ASSIGNMENT – Please return the listing exactly as written, but without its pictures.

DATA SEGMENT –
►

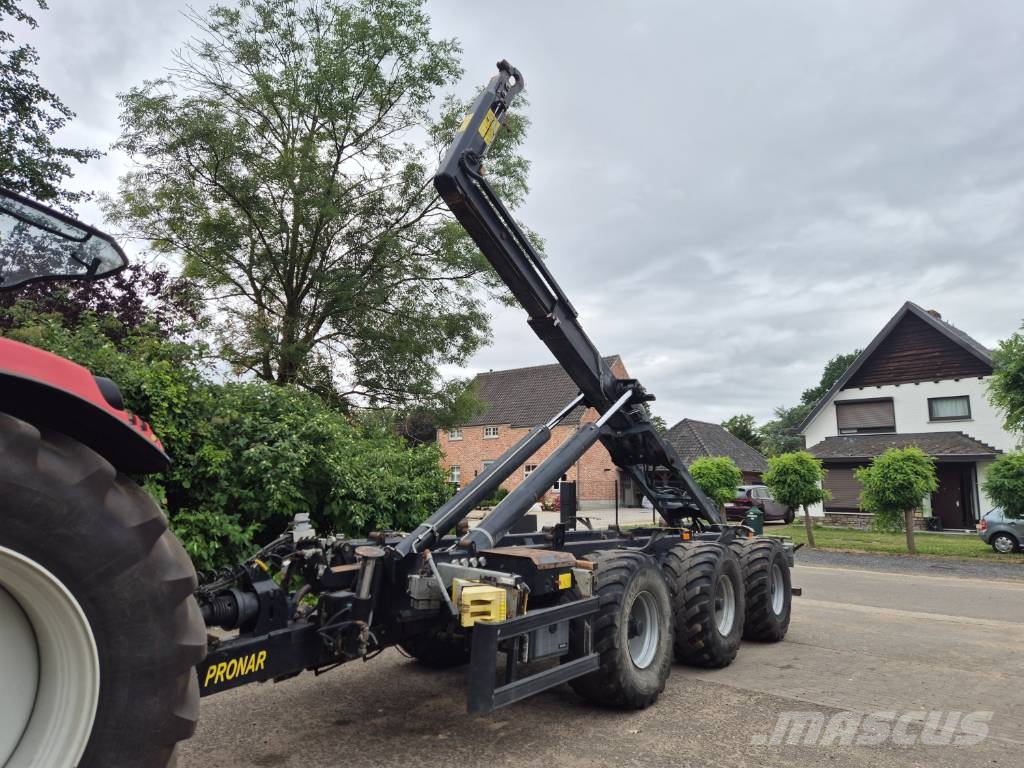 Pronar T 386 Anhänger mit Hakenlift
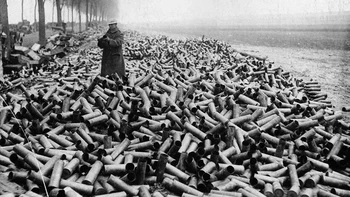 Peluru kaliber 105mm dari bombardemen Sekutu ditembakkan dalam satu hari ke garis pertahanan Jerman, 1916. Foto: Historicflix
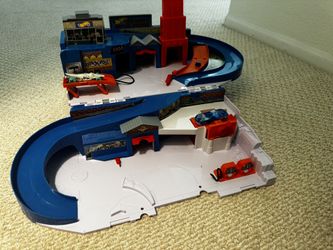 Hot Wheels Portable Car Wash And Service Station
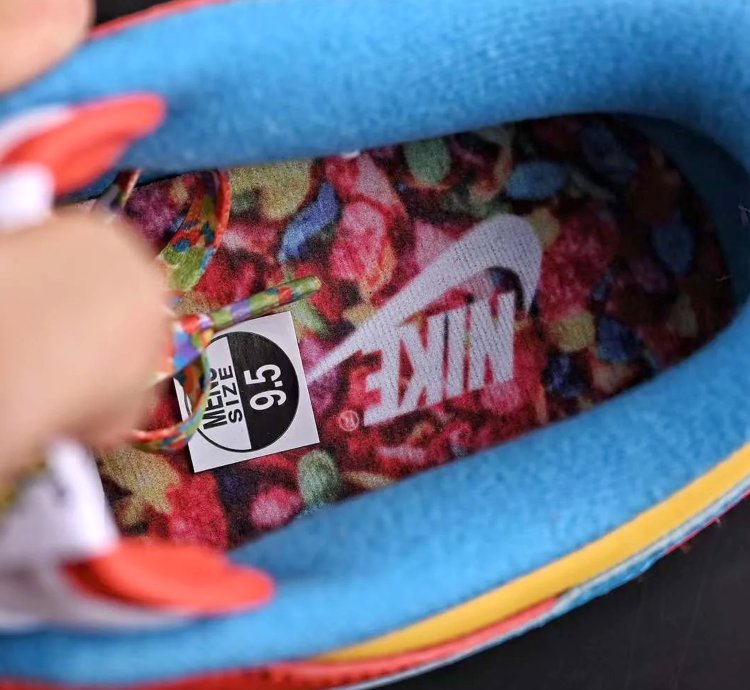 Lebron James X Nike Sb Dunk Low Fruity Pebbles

◄

ANSWER SECTION –
 Pronar T 386 Anhänger mit Hakenlift
 Peluru kaliber 105mm dari bombardemen Sekutu ditembakkan dalam satu hari ke garis pertahanan Jerman, 1916. Foto: Historicflix
 Hot Wheels Portable Car Wash And Service Station
 Lebron James X Nike Sb Dunk Low Fruity Pebbles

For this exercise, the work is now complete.